2001-05-15 Thread Paul Landon

If a prime Q | M_C
then Order(2,Q) | C ;but not 1
Order(2,Q) | Q-1
F:=GCD(C,Q-1) != 1

F will either be C or one of it's divisors.
If Order(2,Q)==C then it has almost zero information
to tell us anything about the factors of C.

If C has 2 factors P0  P1 then the product of factors
with Order == C is M_C/(M_P0.M_P1)
with Order == P1 is M_P1
 Order == P0 is M_P0
(For more than 2 factors of C, Pofwo(C) is recursively
defined as M_C / all the pofwos of the divisors of C).
I would expect the probability that a factor of M_C
has these orders to be a non-decreasing function of these
products.
An approximation for the probabilities could be just the
ratio of these products.
Sadly for composites such as M727 which guesses have as
having a small number of factors and it is known that the
smallest factor is bigger than a decent bound, F will
equal M727 nearly all the time, and rarely will a factor
be found. There is also the rare case where the order of
Q = M_C but F=M_C
The distribution of Mersenne Divisors is such that small
Q will tend to have a smaller order, and any Q=2M_C
will not have order M_C.
If you are only searching for factors of M_C of the form
KC+1 then these will always have F=M_C and tell us nothing
about the factors of C. The only factors of M_C that help
with factoring C are those not of the form KC+1.
Stating the obvious, M_C is exponentially bigger than
C and even a trial divison of M_C using exponentiation
will take longer than meaningful operations on C.
For example a division of M_M727 is not practical, but if
a factor of M_C is found it is worth doing one GCD.

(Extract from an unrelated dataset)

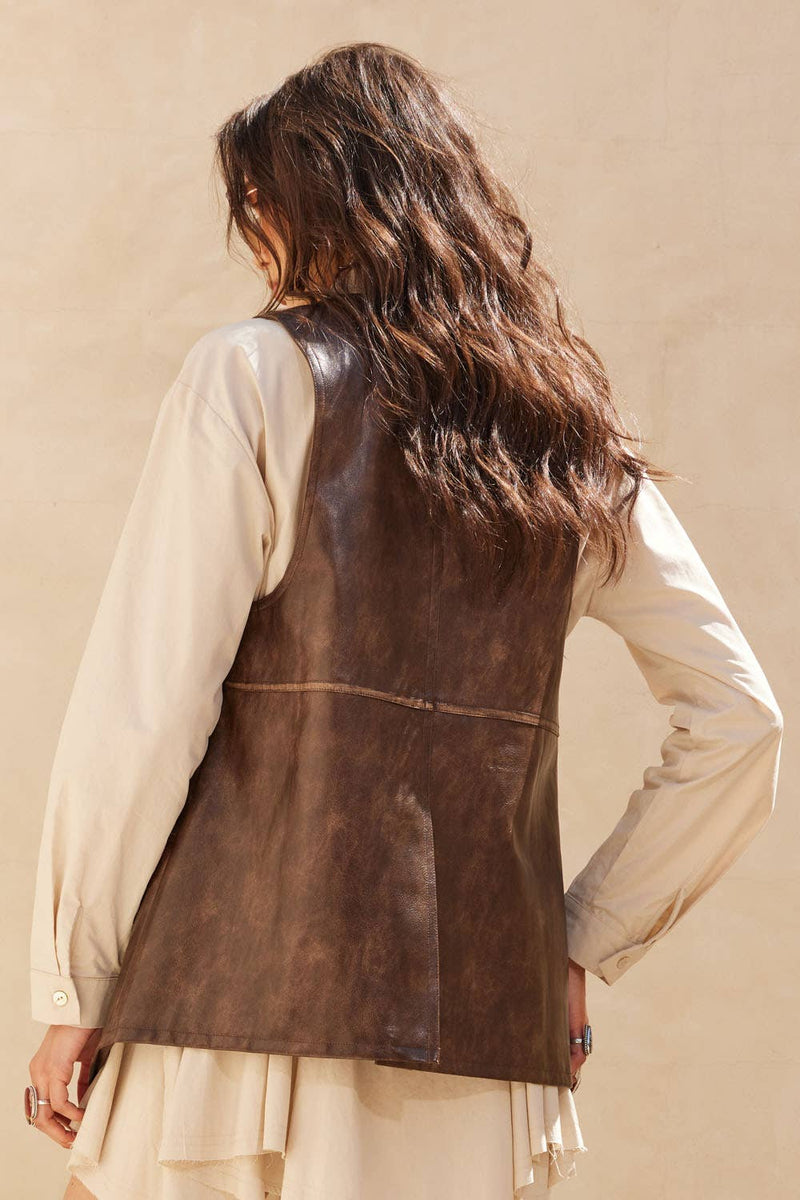 Brown faux leather snap-front vest with a relaxed fit, perfect for layering in stylish Long Island boutique fashion.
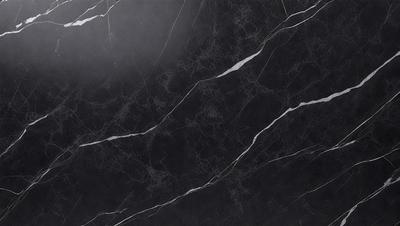 The primary subject of the image is a black marble countertop. The setting is a kitchen, with the countertop being the main focus of the scene. The visual style is a close-up of the marble countertop, showcasing its texture and pattern. The colors and mood of the image are predominantly dark, with the black marble countertop being the main source of contrast.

So an approximate heuristic that anyone can better by not
using a geometric mean or using knowledge of the distribution
of Mersenne Divisors, is that for C having 2 factors, the
probability of Q | M_C helping with factoring C is approx:-

  M_P0 + M_P1
---
   M_C+ M_P0 + M_P1
-
M_P0.M_P1  or not a lot!

Cheers,
Paul Landon

ps. Every train driver knows that Scottish sheep have
a maximum of 7 colours :-)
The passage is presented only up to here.